**Task objective**
Locate "180x200 cm Manželská" in the listing. Transcribe the line that contains it and every line that follows, through the last, omitting all pictures.

**Supplied material**

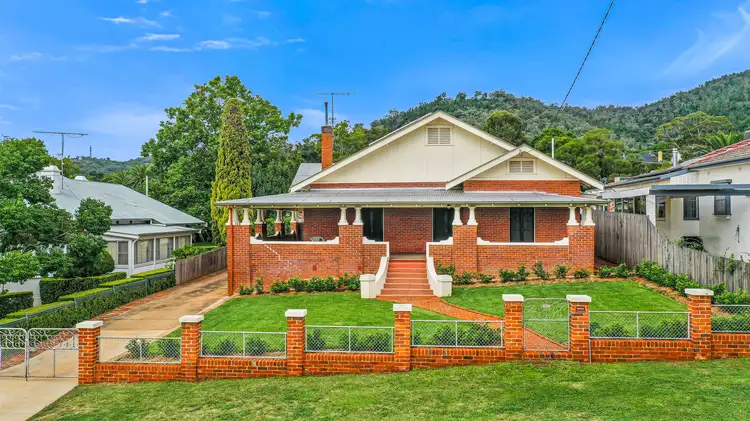 Second view of Homely house listing, 82 Napier Street, Tamworth NSW 2340
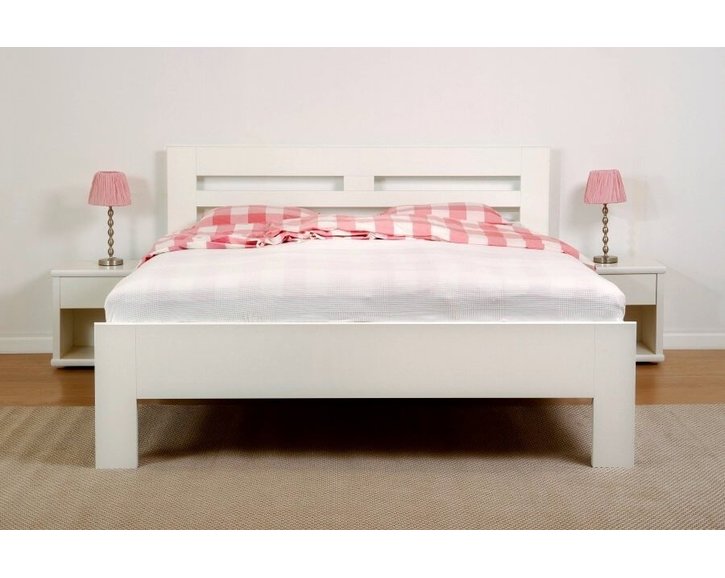 Manželská postel dvoulůžko Ella Harmony, lamino, 160x200, 180x200 cm Manželská postel dvoulůžko Ella Harmony, lamino, 160x200, 180x200 cm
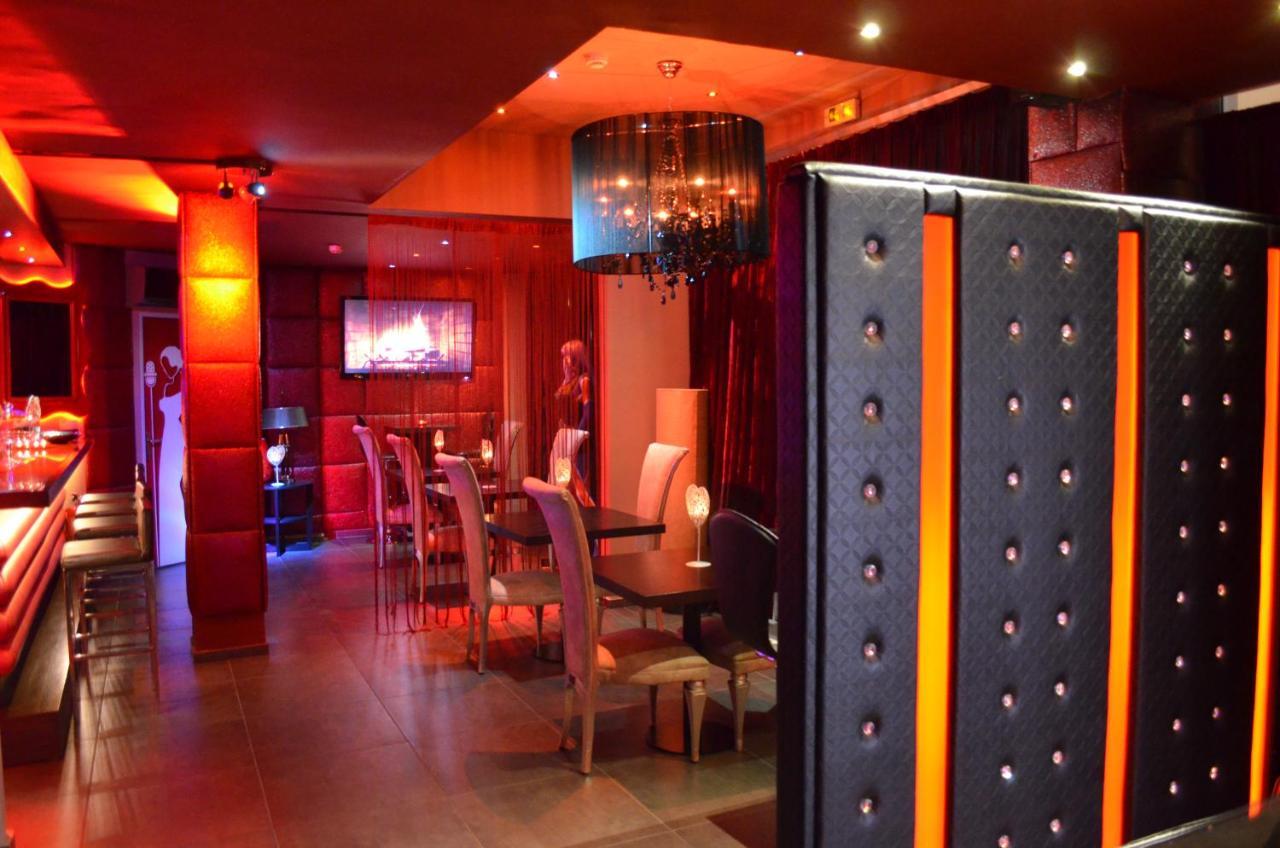 Xcite Hotel Salem Athènes Extérieur photo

**Expected output**
 Manželská postel dvoulůžko Ella Harmony, lamino, 160x200, 180x200 cm Manželská postel dvoulůžko Ella Harmony, lamino, 160x200, 180x200 cm
 Xcite Hotel Salem Athènes Extérieur photo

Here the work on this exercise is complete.